With opinion polls showing Trump far ahead of his rivals for the Republican nomination — and recently overtaking Biden in some nationwide polls — conservatives are focusing on developing a coherent suite of policies that could be rolled out rapidly after the election.
Think-tanks such as the Heritage Foundation and America First Policy Institute have drawn up policy blueprints and assembled teams of former officials in the hopes of avoiding a repeat of the chaotic start of Trump’s presidency, which resulted in long delays in appointing essential personnel to implement policy changes.
“You need to have very knowledgeable folks who are ready to go from the get-go,” said Rick Perry, the former Texas governor who served as energy secretary under Trump from 2017 to 2019. “I’m talking about people that will knock on the door of agencies the day after the election and basically start the process, which did not happen in 2016.”
Project 2025, a 920-page conservative policy blueprint by the Heritage Foundation, calls for the elimination of several energy department agencies central to Biden’s climate agenda, including the Loan Programs Office, which is disbursing $400bn to help industries decarbonise, the Office of Energy Efficiency and Renewable Energy and the Clean Energy Corps.
Trump’s proposed overhaul of climate and energy policy has alarmed Democrats and environmental campaigners.
“Another Trump term would threaten our democracy, slam the brakes on the climate progress we’re making at home and strengthen the hand of climate deniers around the world,” said Kevin Curtis, executive director of the NRDC Action Fund, an environmental advocacy group.
Repealing the IRA would require an act of Congress. The law has won widespread support from industry, with green energy developers hailing it as a transformative effort that will spur investment in new cleantech and renewable energy industries across the US.

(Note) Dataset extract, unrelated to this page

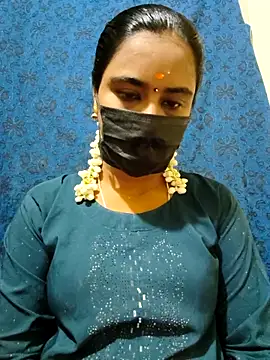 Snapshot of mini-queen chatting on November 30, 8:59 am mini-queen online show from November 30, 8:59 am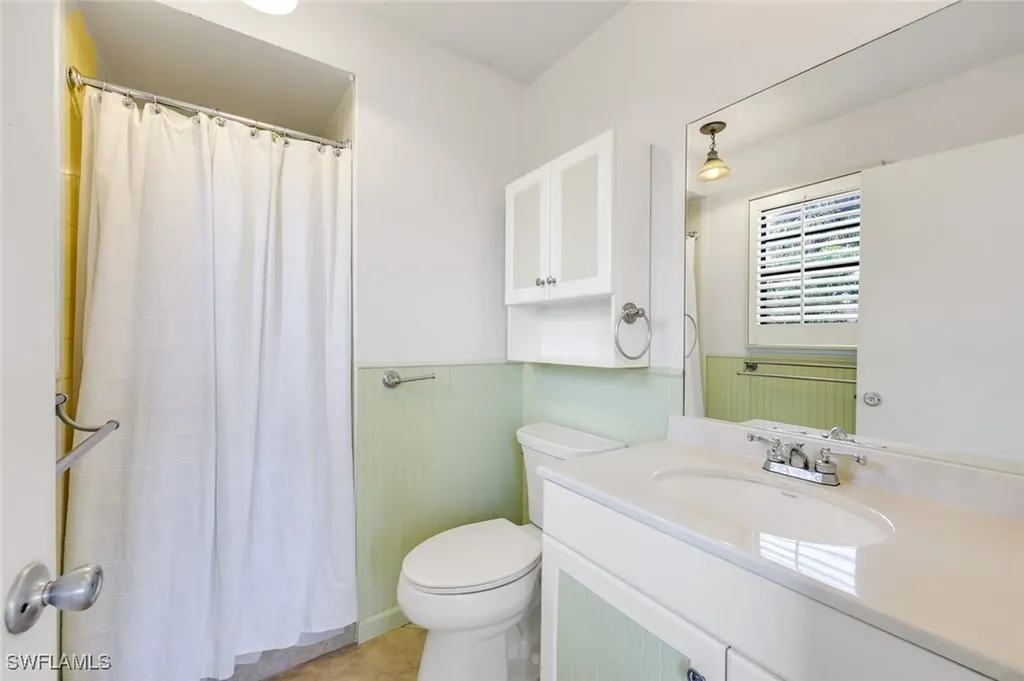 9780 Vanderbilt Drive Naples FL 34108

Critics, including EU politicians, have argued that its subsidies amount to protectionism and raise energy costs, disrupt global supply chains and exacerbate inflation.
Most project investments under the IRA have been committed to Republican districts in the country.
Dan Brouillette, who succeeded Perry as energy secretary, said Trump could prove more moderate than some activists fear, adding that any incoming Republican president would probably recognise that “good” parts of the IRA should be maintained.
“There are incentives in the IRA to continue the development of nuclear power . . . I would suggest those policies are wholly in line with the Trump policies and I would see them to continue,” he said.
Ammar Moussa, a spokesperson for Biden’s re-election campaign, said US oil production had “hit a record high”, beating levels under Trump.
“If Maga [Make America Great Again] Republicans actually cared about the United States’ energy independence, they would support President Biden’s agenda,” said Moussa.